══ Records provided

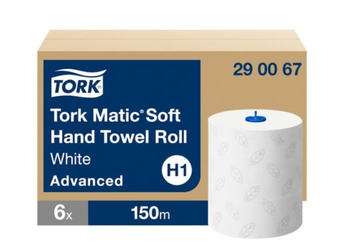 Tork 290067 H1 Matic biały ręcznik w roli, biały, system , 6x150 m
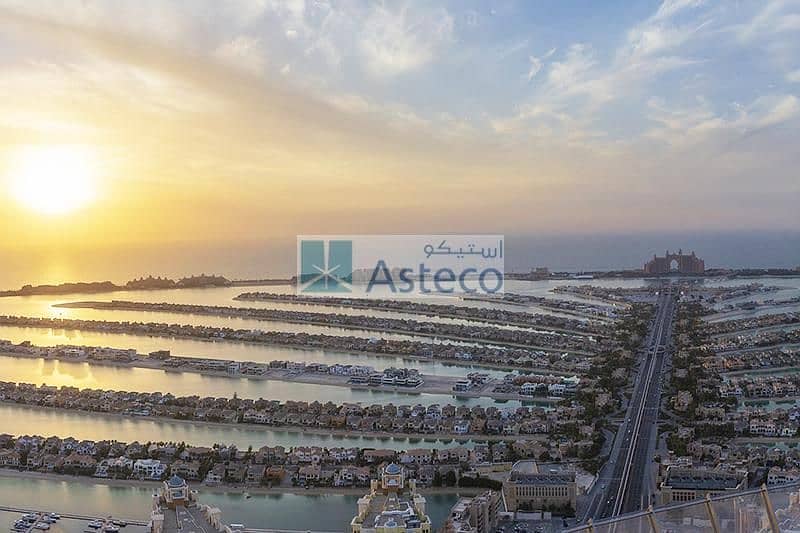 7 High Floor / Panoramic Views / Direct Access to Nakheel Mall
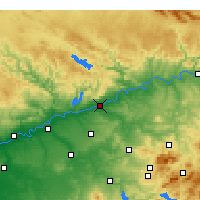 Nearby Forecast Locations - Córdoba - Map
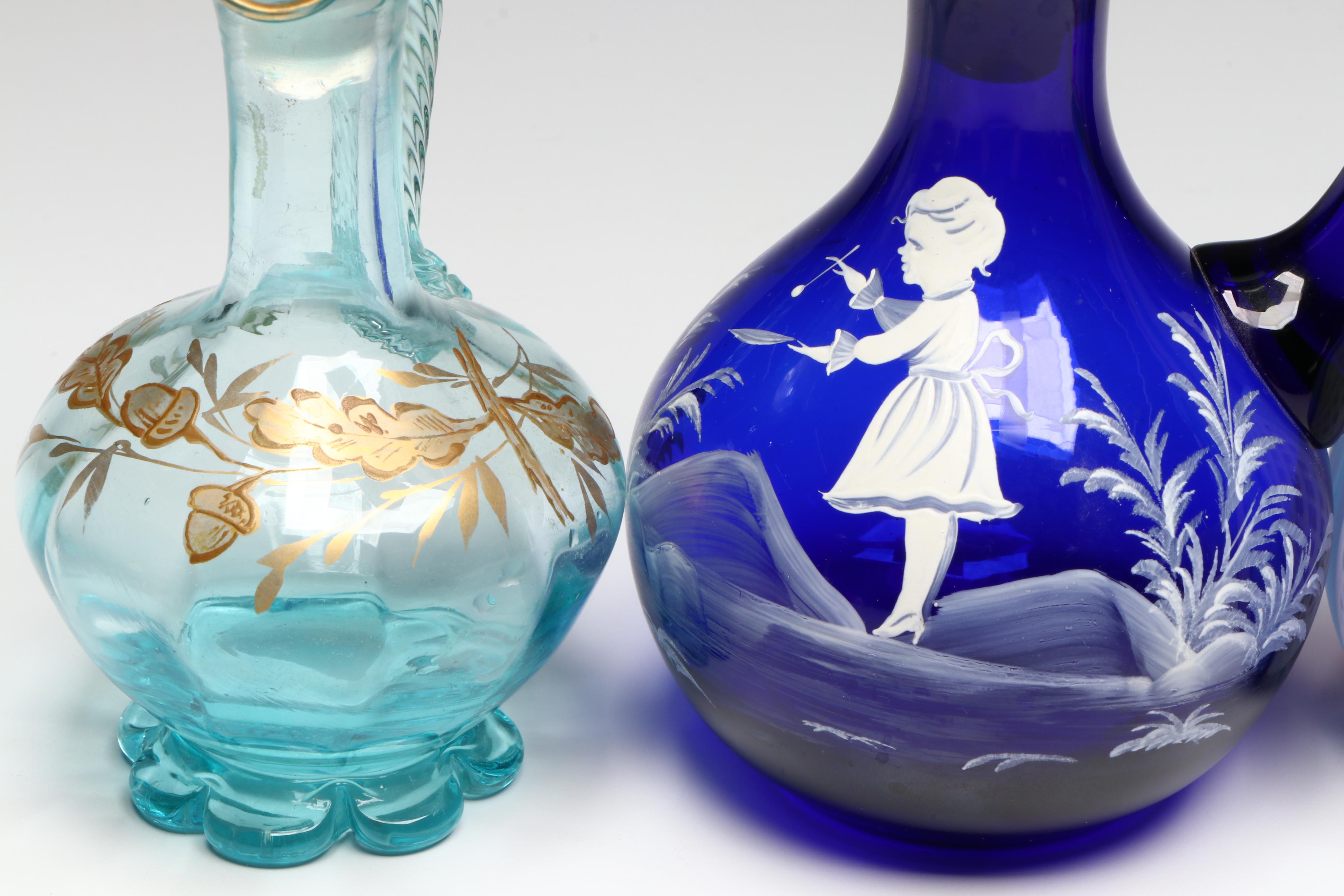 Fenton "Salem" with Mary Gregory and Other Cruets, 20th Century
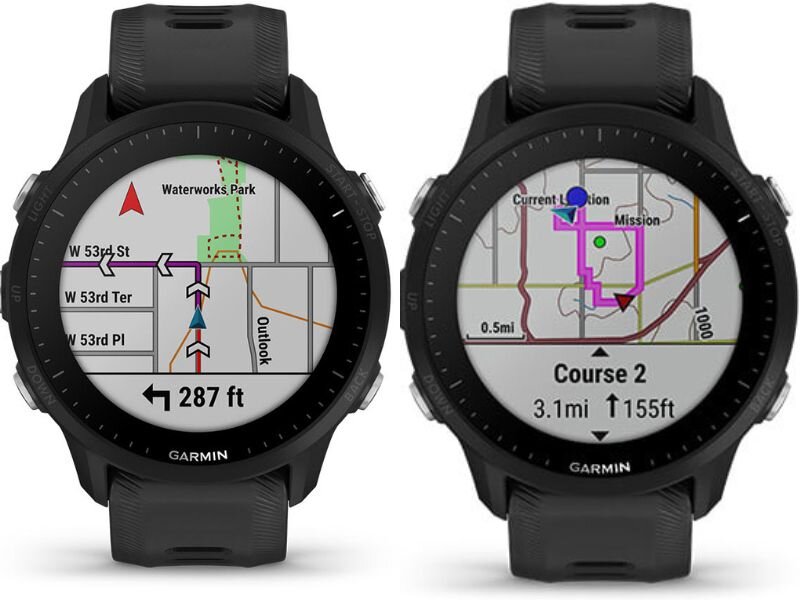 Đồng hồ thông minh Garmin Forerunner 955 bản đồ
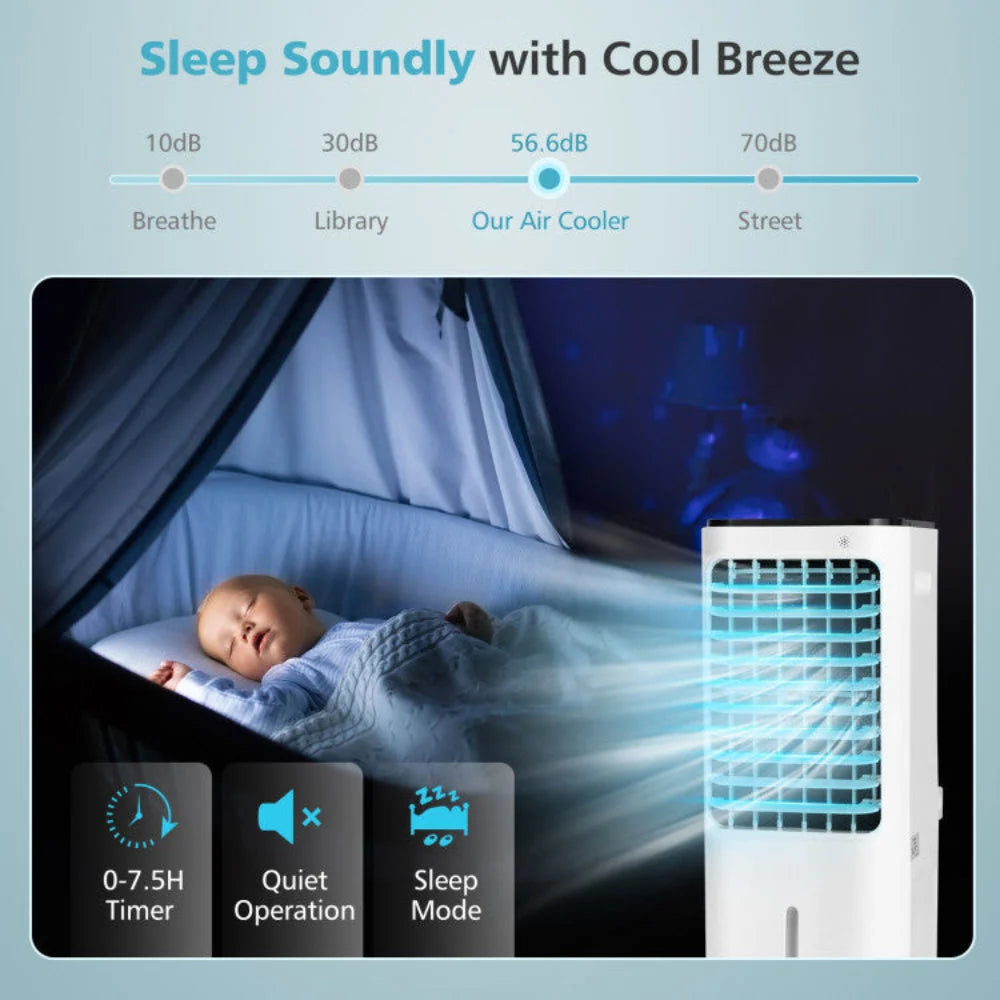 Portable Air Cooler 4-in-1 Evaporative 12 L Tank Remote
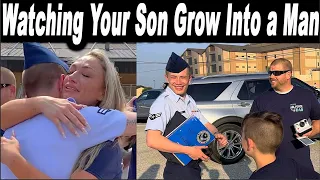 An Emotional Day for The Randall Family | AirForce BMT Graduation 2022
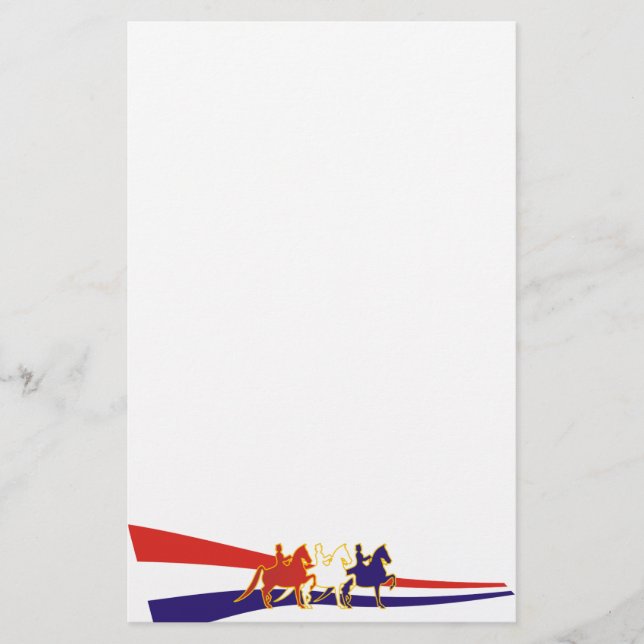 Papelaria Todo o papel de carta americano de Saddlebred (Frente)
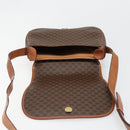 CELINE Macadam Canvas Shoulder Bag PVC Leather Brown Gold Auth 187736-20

════
══ Records provided

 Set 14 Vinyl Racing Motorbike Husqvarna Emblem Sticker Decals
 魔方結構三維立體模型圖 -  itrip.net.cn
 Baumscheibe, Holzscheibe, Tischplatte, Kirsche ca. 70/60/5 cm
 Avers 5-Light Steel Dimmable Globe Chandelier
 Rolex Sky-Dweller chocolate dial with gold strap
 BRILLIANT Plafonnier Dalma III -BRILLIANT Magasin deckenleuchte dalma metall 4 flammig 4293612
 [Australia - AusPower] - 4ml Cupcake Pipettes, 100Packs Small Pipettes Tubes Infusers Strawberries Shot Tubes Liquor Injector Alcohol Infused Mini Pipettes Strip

════

Print exactly the lines above from the one with "BRILLIANT Plafonnier Dalma" to the one with "[Australia - AusPower]", including both.

Answer box:
 BRILLIANT Plafonnier Dalma III -BRILLIANT Magasin deckenleuchte dalma metall 4 flammig 4293612
 [Australia - AusPower] - 4ml Cupcake Pipettes, 100Packs Small Pipettes Tubes Infusers Strawberries Shot Tubes Liquor Injector Alcohol Infused Mini Pipettes Strip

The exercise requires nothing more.